Do you ever feel like you’re never enough? Like no matter how hard you try, no matter how hard you work, it’s never enough? I don’t know about you, but I certainly feel that way… often. And honestly, right now I’m really tired of feeling that way.
I’m never going to be pretty enough, I’m never going to be a good enough mom. I’m never a good enough wife. I’m not a good enough teacher. No matter what I do it will never be enough. At least not in my eyes.
But there is one person who you will always be enough, Jesus. In His opinion, just the way you are is enough for Him. Or did you not know that you are His workmanship. You have been created in His image, not perfect on your own but perfect in your union with His perfection.
It’s incredibly easy to get down on ourselves when we’re functioning in our own power, especially when we are functioning in our own power for a long period of time.
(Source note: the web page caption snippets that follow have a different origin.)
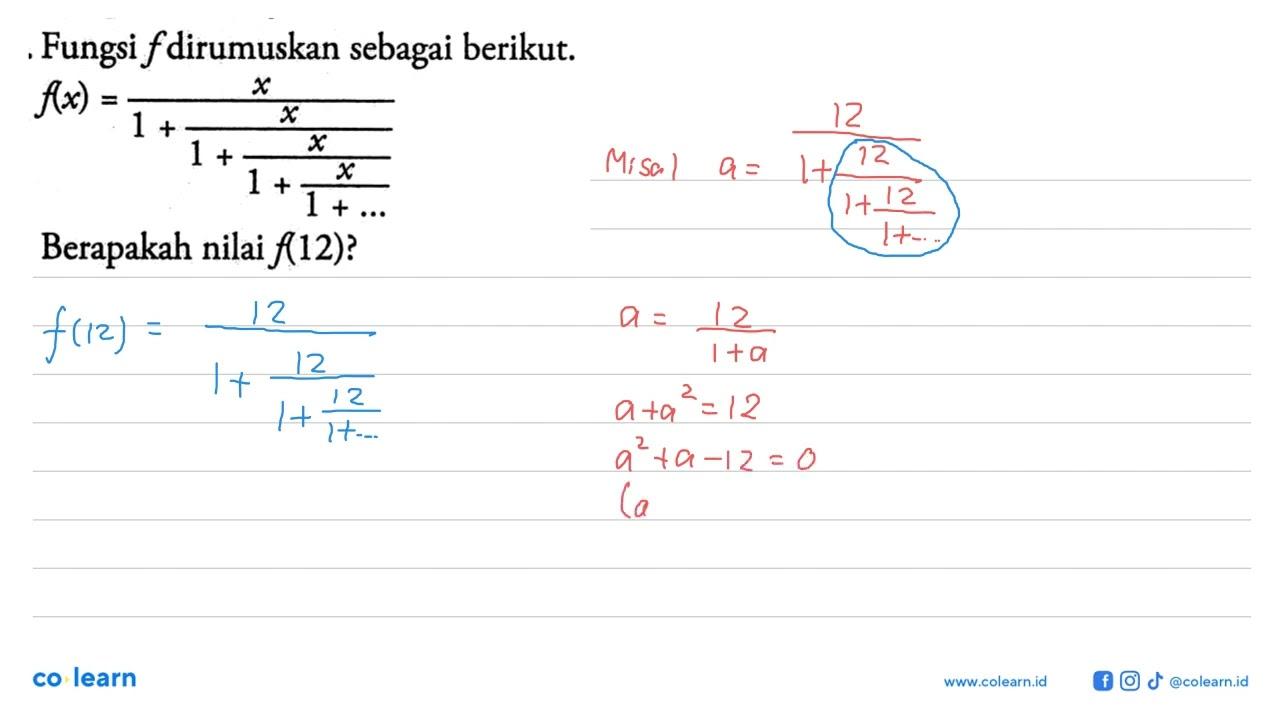 Fungsi f dirumuskan sebagai berikut.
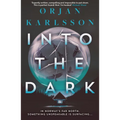 Into the Dark: The Dark, Twisty New Instalment in the Chilling Arctic Mysteries Series... Volume 2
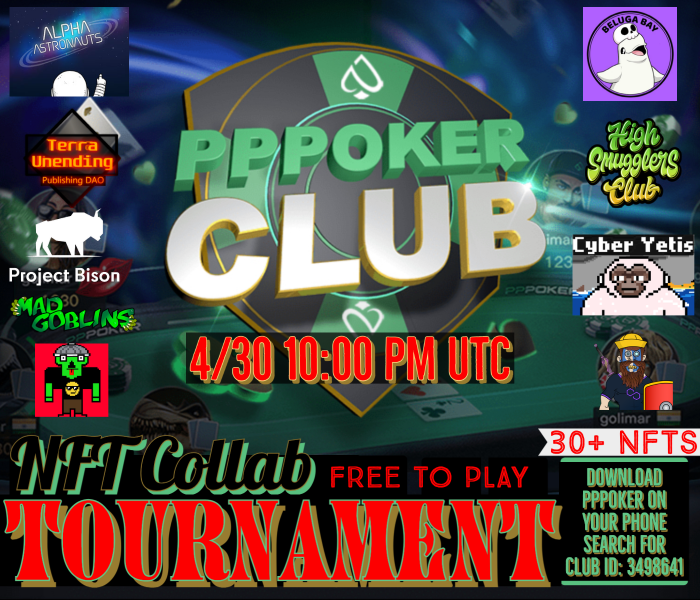 🎉#NFT POKER TOURNAMENT🎉
♣️30+ NFTs, 9 collections ♠️
@BelugaBayNFT
<a href="/AlphaAstronauts/">Alphanauts</a>
@Cyber_Yetis
<a href="/terra_DAO/">Terra Unending Publishing DAO | Minting NOW</a>
<a href="/Highsmugglers/">Highsmugglersclub</a>
<a href="/project_bison/">Project Bison</a>
<a href="/MadGoblinsNFT/">Mad Goblins</a>
<a href="/FunkyvikingNFT/">Funky Viking - Mint is Live</a>
@BlockHeadsPoly
 
Play for FREE!♥️
♦️Join our Discord to find out how: discord.gg/9D9JyDBW8E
Eventually we run out of steam, usually far short of the goal throwing our imperfections and our “not enough-ness” into perfect view. We can’t reach the goal without Him. And we were never meant to.
Our “not enough-ness” was crafted into our being from the very beginning! He didn’t make us to be self sufficient, He made us to be dependent on His Grace!
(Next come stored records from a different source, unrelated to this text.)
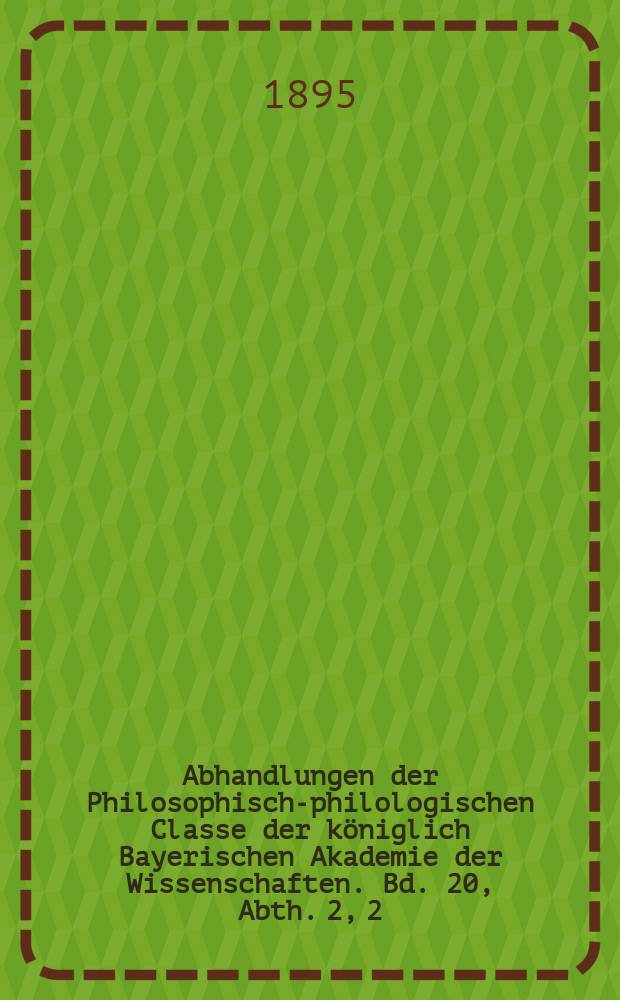 Abhandlungen der Philosophisch-philologischen Classe der königlich Bayerischen Akademie der Wissenschaften. Bd. 20, Abth. 2, [2] : 1894/1895. Weitere Mittheilungen über die Huldar saga = Дальнейшие сообщения о Саге о Хульд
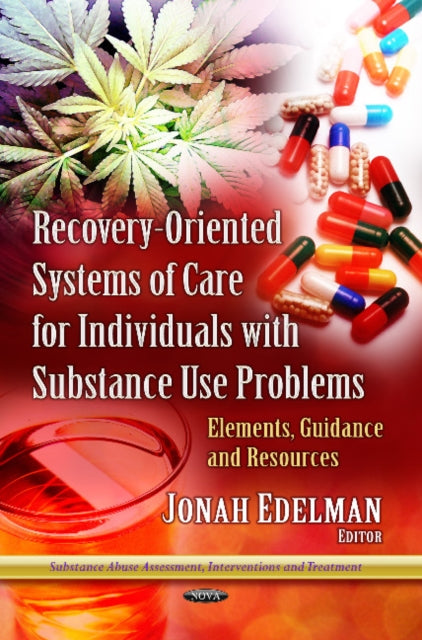 Recovery-Oriented Systems of Care for Individuals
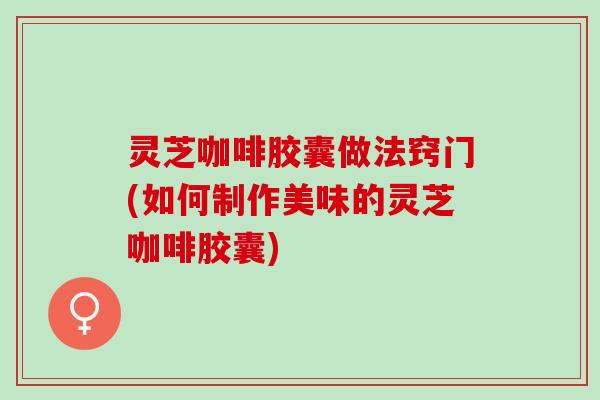 灵芝咖啡胶囊做法窍门(如何制作美味的灵芝咖啡胶囊)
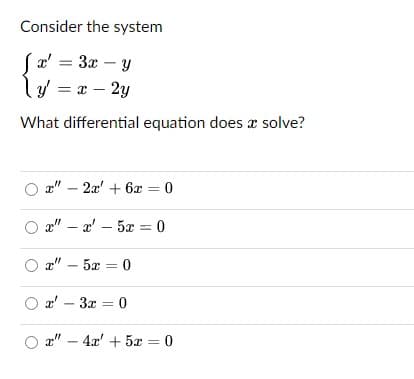 Consider the system
(æ' = 3x – y
ly = = – 2y
-
What differential equation does x solve?
a" – 2x' + 6x = 0
a" – a' – 5x = 0
a" – 5x = 0
O a' – 3x = 0
a" – 4x' + 5x = 0
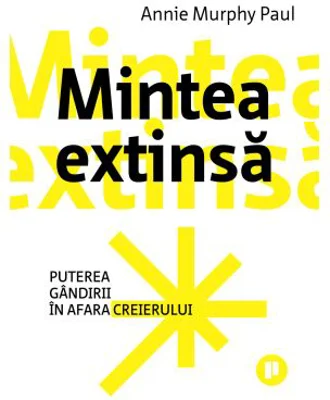 Mintea extinsa. Puterea gandirii in afara creierului - Annie Murphy Paul
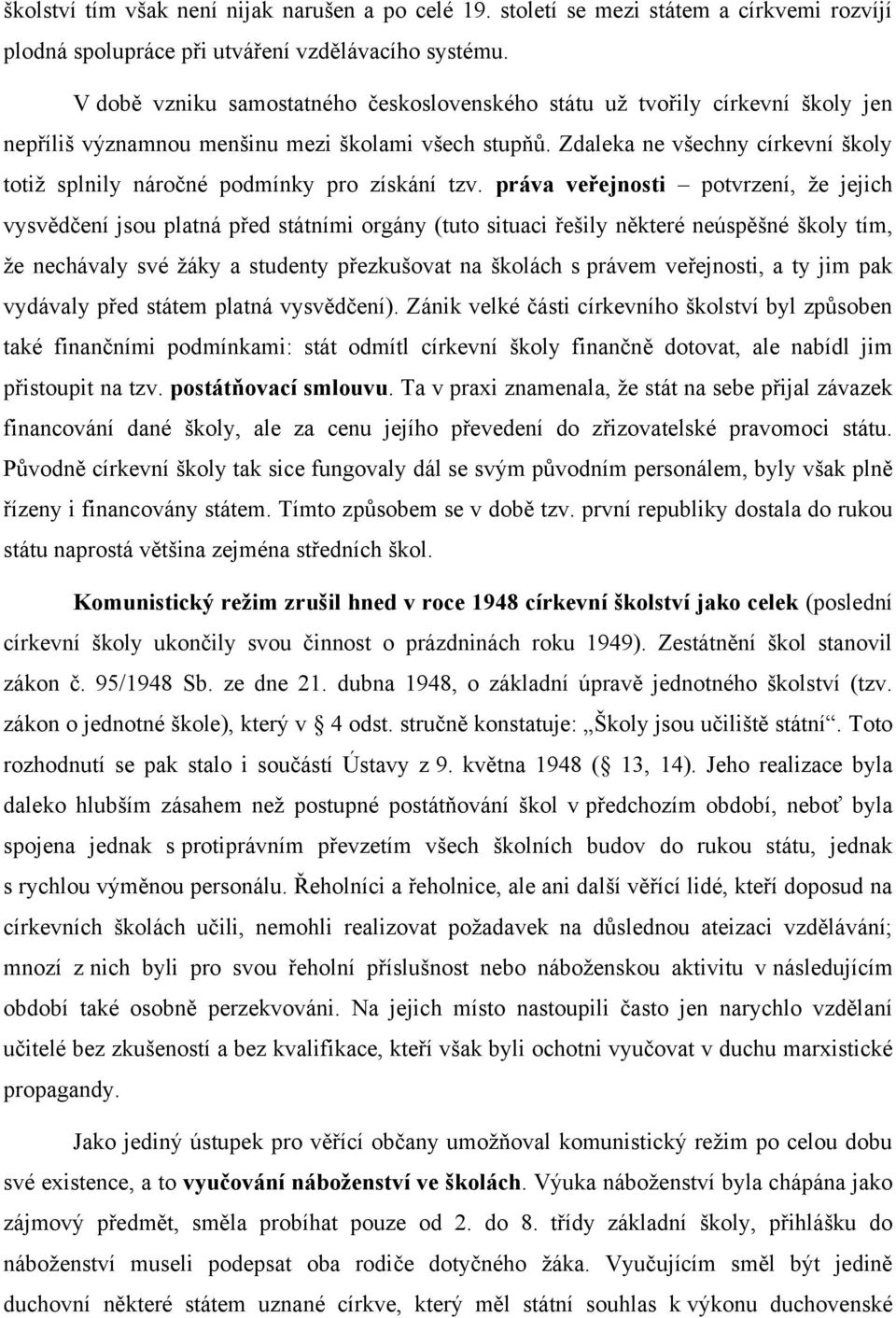 Zdaleka ne všechny církevní školy totiţ splnily náročné podmínky pro získání tzv.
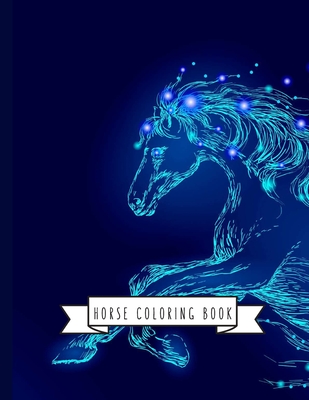 [b92e4] !Read% Horse Coloring Book: Coloring Toy Gifts for Toddlers, Kids Ages 4-8, Girls 4-8, 8-12 or Adult Relaxation Cute Easy and Relaxing Realistic Large Print Birthday Gifts - Shayne Coloring Book %ePub*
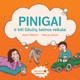 PINIGAI IR KITI GILUČIŲ ŠEIMOS REIKALAI: pirmoji lietuvių autorių knyga apie finansus vaikams!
Paul ran into a similar situation that I think, I know, I needed to hear today.
“Because of the extravagance of those revelations, and so I wouldn’t get a big head, I was given the gift of a handicap to keep me in constant touch with my limitations. Satan’s angel did his best to get me down; what he in fact did was push me to my knees. No danger then of walking around high and mighty! At first I didn’t think of it as a gift, and begged God to remove it. Three times I did that, and then he told me,
My grace is enough; it’s all you need.
My strength comes into its own in your weakness.
Once I heard that, I was glad to let it happen. I quit focusing on the handicap and began appreciating the gift. It was a case of Christ’s strength moving in on my weakness. Now I take limitations in stride, and with good cheer, these limitations that cut me down to size—abuse, accidents, opposition, bad breaks. I just let Christ take over! And so the weaker I get, the stronger I become.” – 2 Corinthians 12:9-10
Can we get to the point where we’re OK with not being enough for ourselves, where His Grace is sufficient for us? I have times when I have the confidencde that Paul speaks of in this passage. And then I have the, knees on the ground, moments like this. I relapse. But Jesus recovers me. Praise God! He loves us!
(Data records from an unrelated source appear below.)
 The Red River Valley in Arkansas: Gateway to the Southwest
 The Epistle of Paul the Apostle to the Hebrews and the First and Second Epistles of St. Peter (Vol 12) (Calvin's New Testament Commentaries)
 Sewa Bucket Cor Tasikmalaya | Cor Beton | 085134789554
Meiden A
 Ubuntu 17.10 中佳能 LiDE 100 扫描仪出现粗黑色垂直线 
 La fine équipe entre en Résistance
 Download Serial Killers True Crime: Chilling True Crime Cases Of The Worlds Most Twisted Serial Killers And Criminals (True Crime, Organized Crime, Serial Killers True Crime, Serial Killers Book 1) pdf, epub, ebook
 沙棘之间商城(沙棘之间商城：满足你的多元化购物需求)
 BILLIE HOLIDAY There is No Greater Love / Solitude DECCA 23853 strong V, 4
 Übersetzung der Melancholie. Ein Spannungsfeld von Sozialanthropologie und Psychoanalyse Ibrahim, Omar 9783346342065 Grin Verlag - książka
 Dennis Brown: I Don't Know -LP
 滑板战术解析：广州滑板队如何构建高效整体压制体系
This was right up my alley today. I almost posted something similar yesterday, mirroring your thoughts here. Blessings to you, dear!
Good! LOL, and to you!
Every day I worry that I haven’t done enough. Some days are worse than others, then there are the days that I KNOW I’ve done all I can. God’s grace brings me joy and His lessons bring me to my knees. God Bless you my friend! It’s wonderful to know we aren’t alone with these feelings.
Amen to that!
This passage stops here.